EXERCISE GOAL
In the records below, repeat exactly the lines between the line holding "British longhair erkek yavrumuz" and the line holding "Amy's Animal Hair", inclusive, and drop the pictures.
##### ENTRIES SHOWN #####
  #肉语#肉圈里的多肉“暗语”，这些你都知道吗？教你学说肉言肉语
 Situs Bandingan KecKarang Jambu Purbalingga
#####
##### ENTRIES SHOWN #####
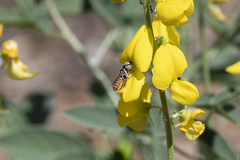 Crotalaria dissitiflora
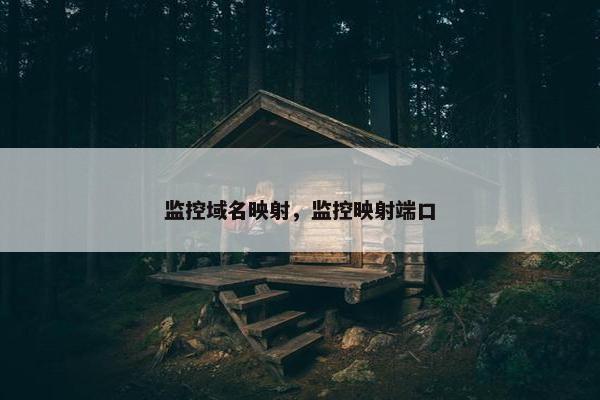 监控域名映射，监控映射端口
#####
##### ENTRIES SHOWN #####
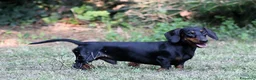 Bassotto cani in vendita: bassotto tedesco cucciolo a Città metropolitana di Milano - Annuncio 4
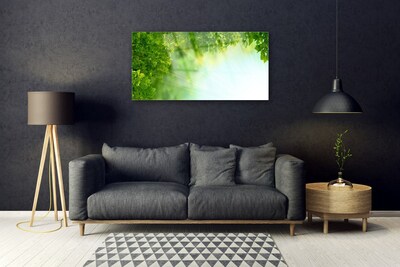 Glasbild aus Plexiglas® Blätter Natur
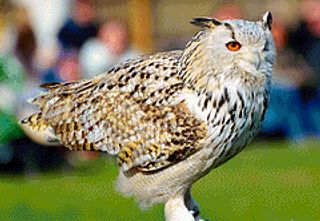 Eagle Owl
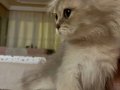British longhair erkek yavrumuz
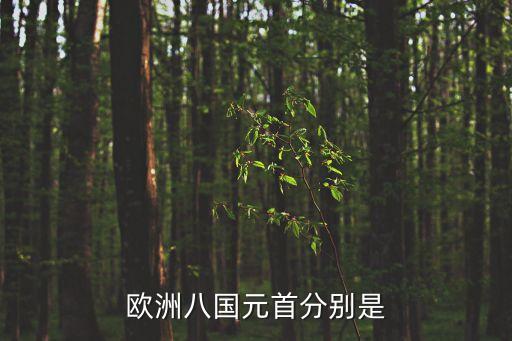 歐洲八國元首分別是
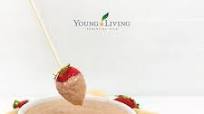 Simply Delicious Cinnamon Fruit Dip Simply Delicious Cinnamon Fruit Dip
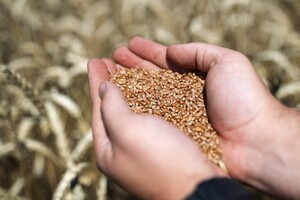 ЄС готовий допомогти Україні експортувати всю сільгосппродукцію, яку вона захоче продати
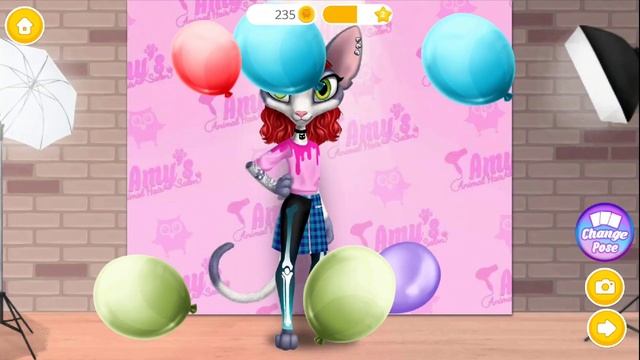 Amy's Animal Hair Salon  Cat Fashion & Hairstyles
#####
SOLUTION TO THIS EXERCISE
British longhair erkek yavrumuz
 歐洲八國元首分別是
 Simply Delicious Cinnamon Fruit Dip Simply Delicious Cinnamon Fruit Dip
 ЄС готовий допомогти Україні експортувати всю сільгосппродукцію, яку вона захоче продати
 Amy's Animal Hair Salon  Cat Fashion & Hairstyles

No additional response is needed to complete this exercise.